[Exercise data — start]
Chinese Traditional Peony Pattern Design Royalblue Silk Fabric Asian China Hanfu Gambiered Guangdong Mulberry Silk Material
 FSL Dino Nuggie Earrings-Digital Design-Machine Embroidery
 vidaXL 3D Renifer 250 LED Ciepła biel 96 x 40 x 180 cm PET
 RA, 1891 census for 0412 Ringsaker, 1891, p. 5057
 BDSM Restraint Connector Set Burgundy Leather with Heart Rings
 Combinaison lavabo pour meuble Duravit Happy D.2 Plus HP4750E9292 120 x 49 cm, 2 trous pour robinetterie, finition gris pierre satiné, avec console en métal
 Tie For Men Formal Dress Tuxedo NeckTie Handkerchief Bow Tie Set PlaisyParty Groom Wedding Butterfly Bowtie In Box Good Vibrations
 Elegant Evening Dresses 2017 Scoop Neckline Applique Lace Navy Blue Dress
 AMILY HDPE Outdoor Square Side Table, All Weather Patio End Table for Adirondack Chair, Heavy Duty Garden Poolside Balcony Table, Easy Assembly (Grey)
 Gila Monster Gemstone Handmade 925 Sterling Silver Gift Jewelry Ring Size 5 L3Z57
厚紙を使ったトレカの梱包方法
[Exercise data — finish]
Try it — What is needed is an exact copy of the lines from the one containing "Gila Monster Gemstone" through the last line of the records, and nothing else.

Response box —
 Gila Monster Gemstone Handmade 925 Sterling Silver Gift Jewelry Ring Size 5 L3Z57
厚紙を使ったトレカの梱包方法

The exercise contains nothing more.